So today, there is a new trailer for Expanse Season 5 and it is looking good. There is also a trailer for BBC America's "Discworld" ""adaptation"" """The Watch""". It is not looking good. I shall instead link to a video that sums up my reaction in one very long use of a short rude word.
Season 5 of the expanse ... Oh yeaaaahhh! The Earth is going to rock! Spoiler Amos & Peaches on a ride-along. Yay. (Peaches is his nick-name for Clarissa Mao). I have to dig my copy of Nemesis games out and give it a re-read.

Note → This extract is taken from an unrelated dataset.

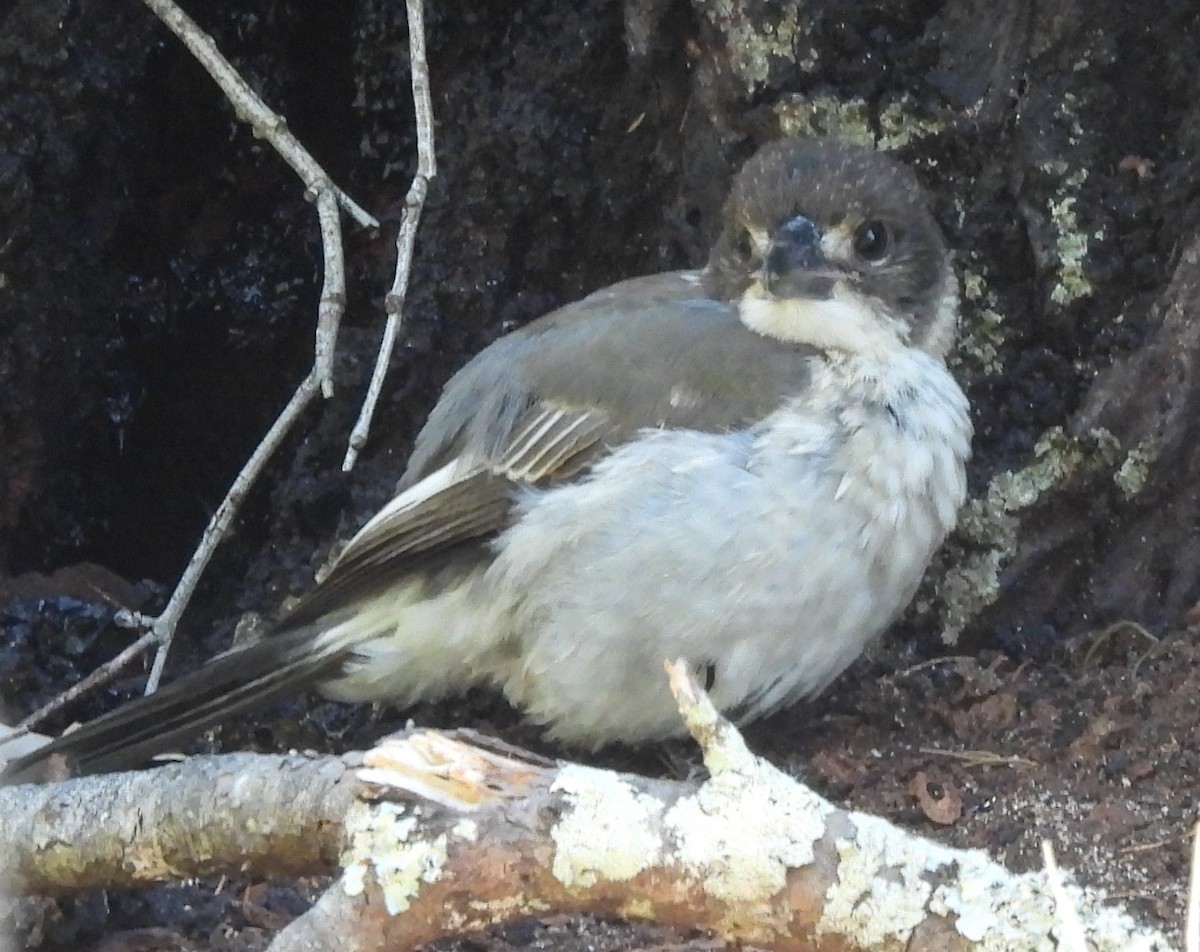 Gray Butcherbird - ML646733787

American skittles have the purple colour as "grape" flavour! What fuckery is this? Blackcurrant is by far the best skittle flavour, it's not even a contest! No wonder their country is in such a state! Imagine growing up without blackcurrant skittles! Madness!
Blackcurrants were banned in America to protect the forestry industry because they were spreading a fungus that attacks the most common lumber tree. https://www.businessinsider.com/blackcurrant-america-vs-europe-2016-10?r=US&IR=T
Ok. Personal mindf*CK. Yesterday I spent time browsing the company 'Agile' knowledge base learning things about scrum, Banian and such. Today I'm considering using such things to go through my pile of shame. Then I realized that such approach make more sense for minis than it would in anything I have done so far in this company.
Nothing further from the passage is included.